There’s just one problem: He’s never built one before.
SpaceX’s newly proposed Terafab project aims to boost global semiconductor production by 50x. The goal? Churn out chips for orbital AI datacenters—because apparently, a terawatt of compute a year isn’t enough unless it’s in space.
The first phase alone is pegged at $55 billion. That’s about 1.25 Twitters, for scale. Intel’s latest leading-edge fab in Arizona cost a comparatively modest $30 billion. Musk’s plan is to build a single facility that can do everything from lithography masks to final chip testing, including memory.
“In a single building, we can create a lithography mask, make the chip, test the chip, make another mask, and have an incredibly fast recursive loop,” he boasted in March. That’s the kind of talk you’d expect from someone who’s actually run a fab. Musk hasn’t.
SpaceX knows rockets, satellites, and web-scale apps. xAI knows AI. Twitter knows… well, it’s a husk. But none of these companies have semiconductor manufacturing experience. Musk isn’t sweating it: Intel just signed on as a partner, and the chips will be built on Intel’s yet-unfinished 14A process node.

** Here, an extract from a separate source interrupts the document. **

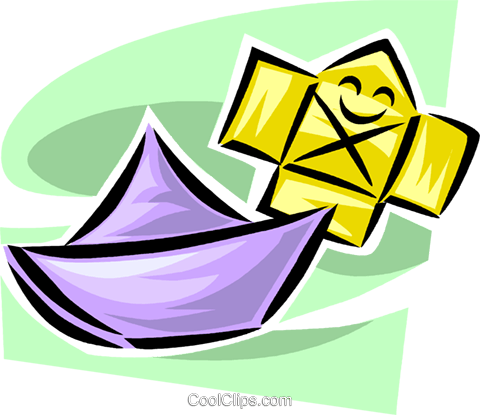 Paper Boat Royalty Free Vector Clip Art Illustration - Illustration (480x415), Png Download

Tesla, also part of Terafab, brings some credibility. It’s designed custom silicon for its cars and the Dojo supercomputer. So the chip design part isn’t pure fantasy. But manufacturing at this scale? That’s a different beast.

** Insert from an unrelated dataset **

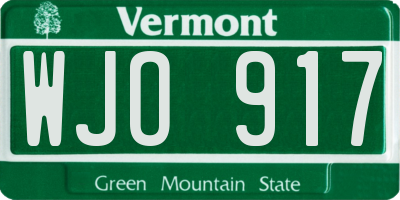 VT license plate WJO917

The whole thing hinges on Starship making orbital datacenters economically viable. That hasn’t happened yet. Fabs take three to five years to come online, so Musk has time to make his rocket actually reusable. He’s got form on big promises: remember the $2 trillion in government cuts that became $150 billion? Or the Mars rocket by 2024? Or the million robotaxis by 2020?
The Grimes County commissioners will vote on a tax abatement for Terafab on June 3. They might want to ask about the delivery timeline. Because in Musk’s world, the gap between a grand vision and a working fab is measured in Twitters, not transistors.